Dave was very bright at school. He was probably the best chess player in a school which did well in the prestigious Sunday Times National Schools chess championship. There were a number of good players but Dave definitely had the edge.
Dave was always very modest about his ability, perhaps even diffident. My mother used to say that Dave never looked her in the face when he was speaking to her.
During several school holidays we would stay at Oakley Hall for a boy’s holiday party, where unusual games (both indoor and outdoor) were the order of the day. These were run by two Christian gentlemen, nicknamed Sunny and Eggs. In the evenings we made our own entertainment and I recall on one occasion the four of us did a sketch, a film skit, which opened with Dave in a leotard banging a gong (Rank style) except that we had the sound effect on a tape recorder of a lion roaring (MGM style)!
These were happy days. Tiddlywinks (official international rules, written by Eggs, with squopping as important as potting) was a passion. I remember we talked Birmingham University into lending us the baize from one of their snooker tables, which we have yet to return. We held the world speed potting record for a team of four, in fierce competition with Bristol and Manchester Grammar Schools in particular.
We all went to university, Dave to Bristol, but still met up during the holidays.
We were all very naïve where the opposite sex was concerned and it was a surprise to us all when Dave became involved with a debutante, Jackie, who he married.

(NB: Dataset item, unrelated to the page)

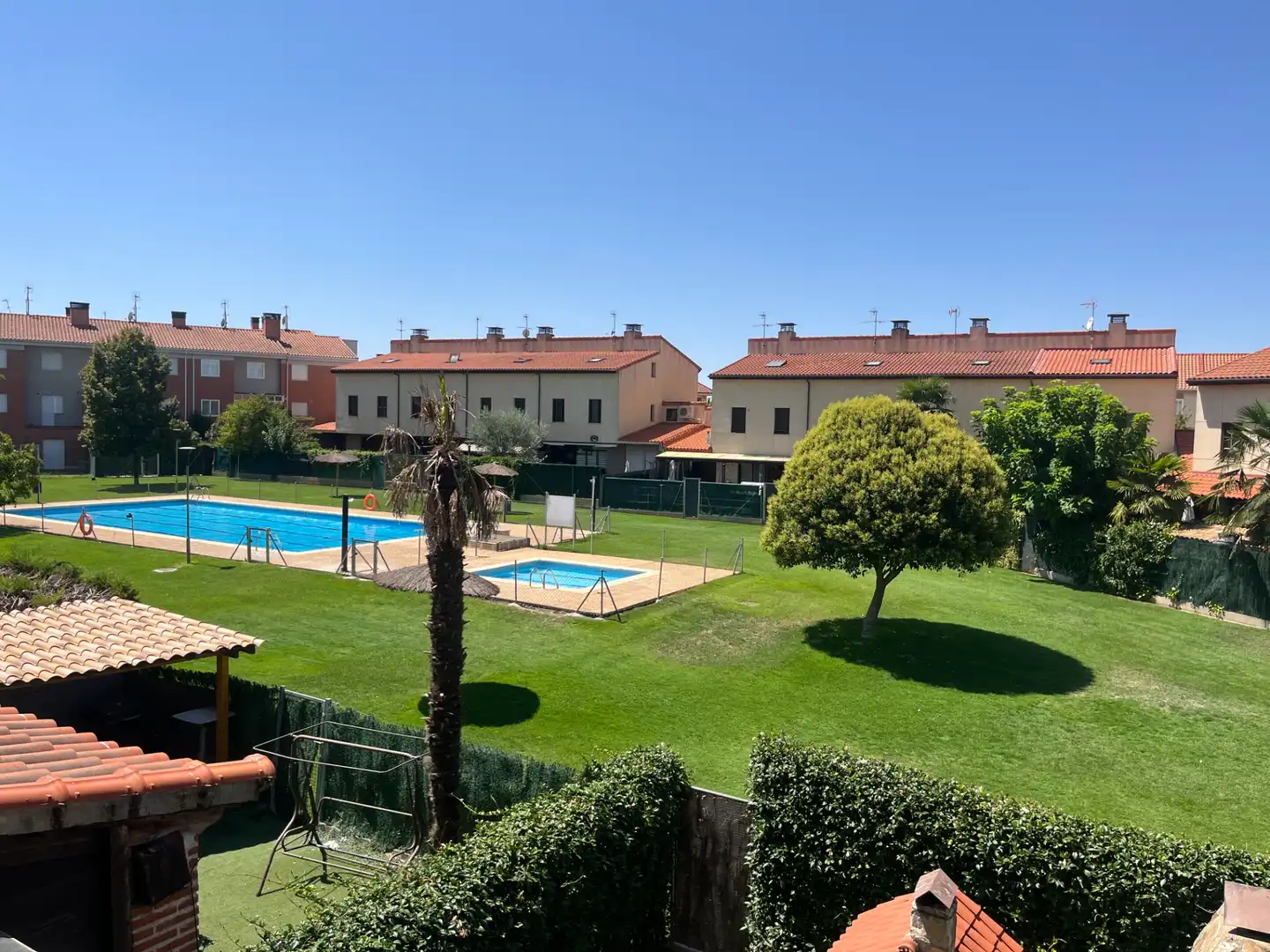 Jardí de Casa adosada en venda en Monterrubio de Armuña amb Calefacció, Jardí privat i Parquet
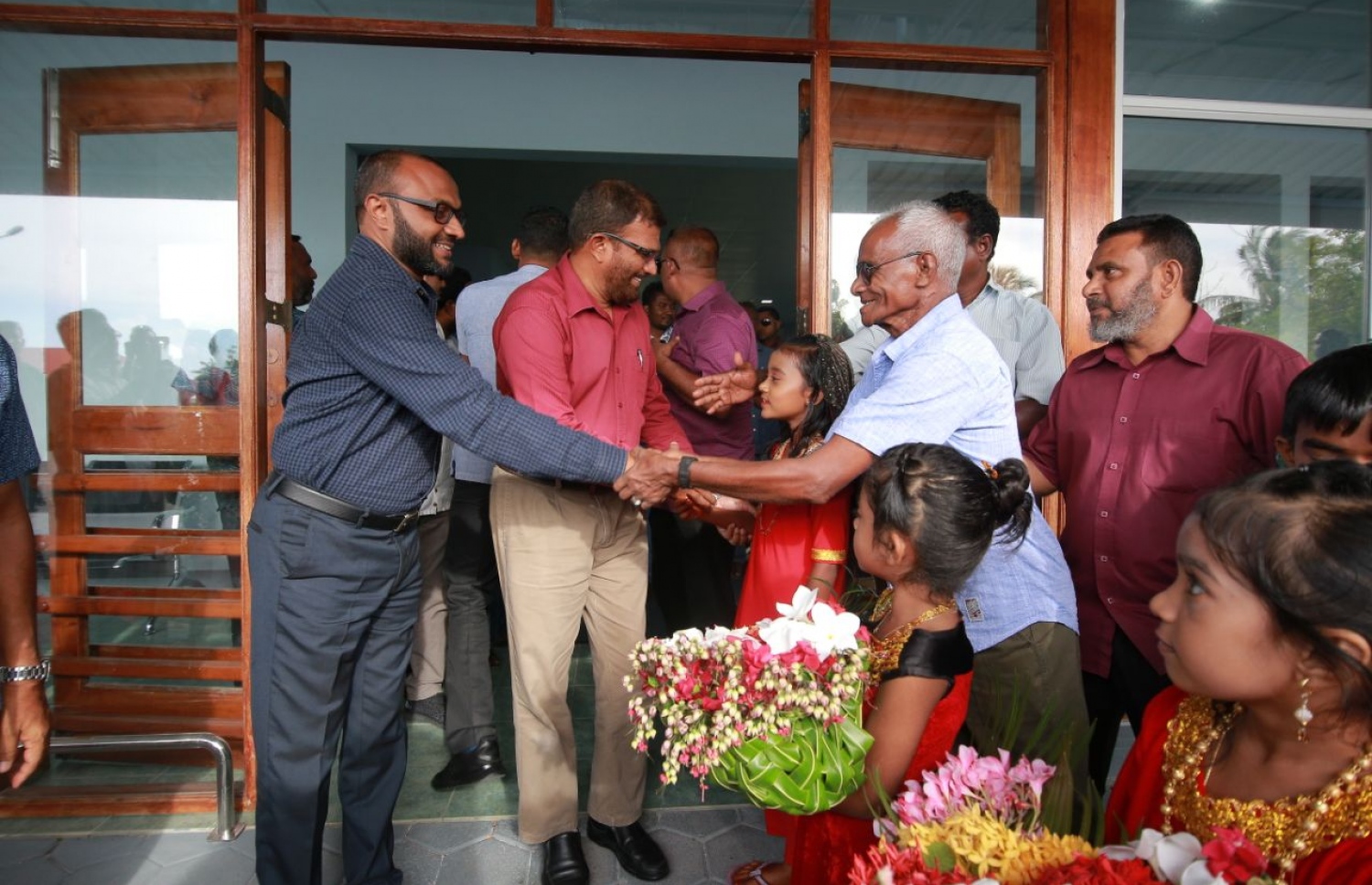 ލ. ކައްދޫ: އޮގަސްޓް 24، 2018- މި އަހަރުގެ ރިޔާސީ އިންތިޚާބުގެ ކެމްޕެއިނަށް، ޕީޕީއެމްގެ ކެންޑިޑޭޓް ރައީސް އަބްދުﷲ ޔާމީންގެ ރަނިންމޭޓް ޑރ. މުހައްމަދު ޝަހީމް އަލީ ސައީދު ލ. އަތޮޅަށް ވަޑައިގަތުމުން ކައްދޫ އެއާޕޯޓުން އޭނާ އަށް މަރުހަބާ ކިޔަނީ.---ފޮޓޯ: ޕީޕީއެމް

After Jenny and Sue were born, they moved to Cantley Crescent in Wokingham where coincidentally I was living with my wife Kay. We all got along well. Dave and I formed an enjoyable bridge partnership winning a number of county competitions and one year reaching the fourth round of the top national bridge knockout competition, the Gold Cup.
In addition to his undoubted intelligence Dave was a very practical individual and was very adept at making and repairing things (probably inherited from his father). He made a card dealing machine for Zener cards when we were dabbling unsuccessfully with extrasensory perception.
Dave also had a dry sense of humour – on his birthday card for my 21st birthday he wrote, congratulations on having been being born on September 23rd 1943. I may say the front of the card was a bizarre chess problem he had composed specially.
Dave was a lifetime friend and I will miss him greatly, as will, I am sure, his two wonderful daughters, Jenny and Sue.